* _DIRECTIONS FOR THIS TASK_:
Each record that follows should be duplicated exactly, except for its pictures.

* _ENTRIES PROVIDED_:
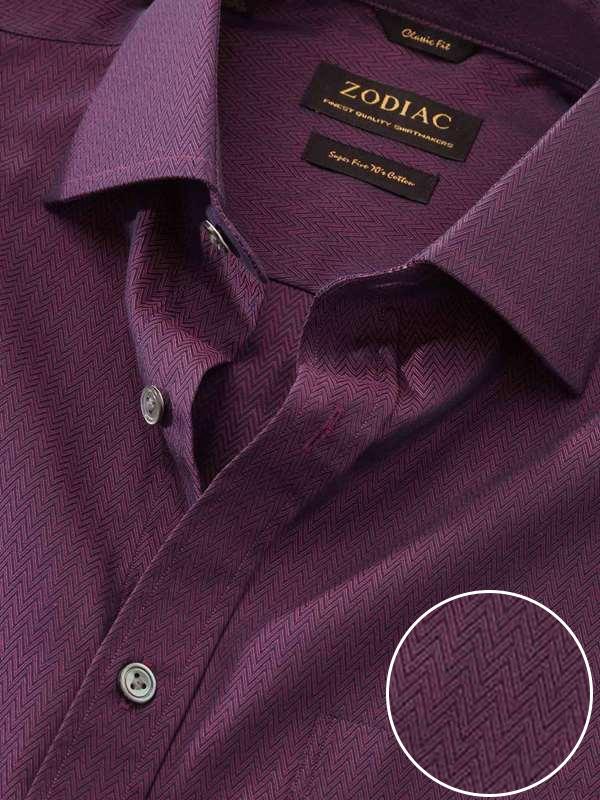 Chianti Maroon Solid Full Sleeve Single Cuff Classic Fit Dark Semi Formal Cotton Shirt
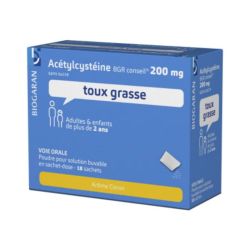 Biogaran Acetylcysteine BGR Conseil 200 mg 18 sachets-doses - Toux grasse pour adultes et enfants de plus de 2 ans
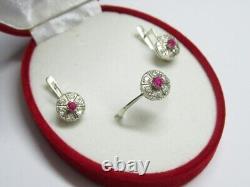 Soviet Vintage Russian Jewelry Ruby Set Earrings Ring Sterling Silver 925 USSR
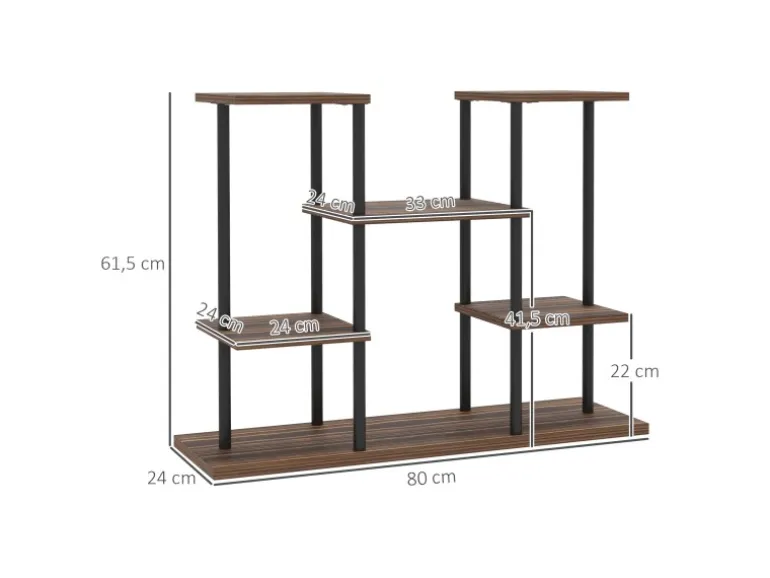 Outsunny Blumenständer Stahl Tannenholz Verkohlt 80L x 24B x 61,5H cm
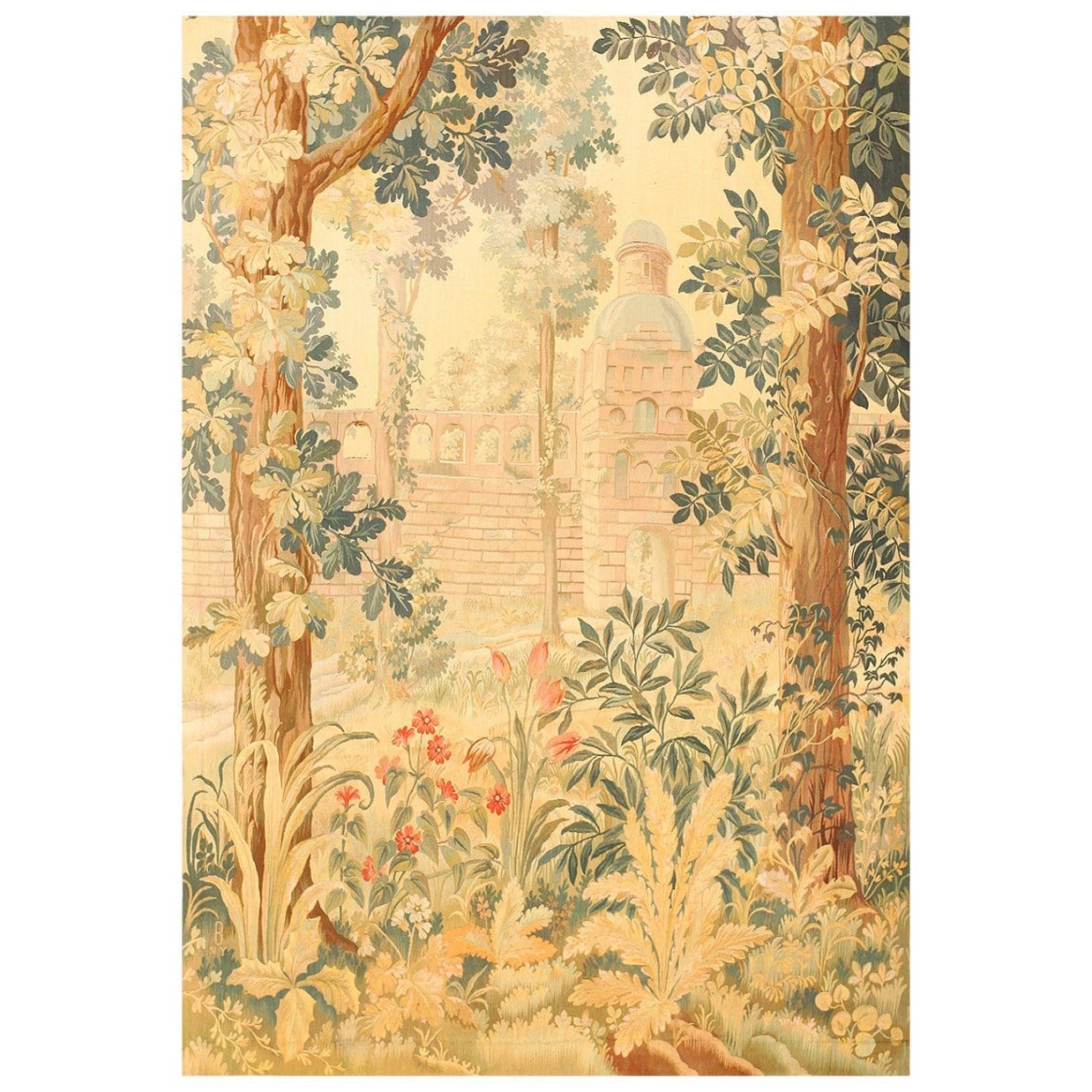 Antique Floral Design And Soft Colored Rare American Tapestry 4'9" x 6'10" For Sale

* _WORKED SOLUTION_:
 Chianti Maroon Solid Full Sleeve Single Cuff Classic Fit Dark Semi Formal Cotton Shirt
 Biogaran Acetylcysteine BGR Conseil 200 mg 18 sachets-doses - Toux grasse pour adultes et enfants de plus de 2 ans
 Soviet Vintage Russian Jewelry Ruby Set Earrings Ring Sterling Silver 925 USSR
 Outsunny Blumenständer Stahl Tannenholz Verkohlt 80L x 24B x 61,5H cm
 Antique Floral Design And Soft Colored Rare American Tapestry 4'9" x 6'10" For Sale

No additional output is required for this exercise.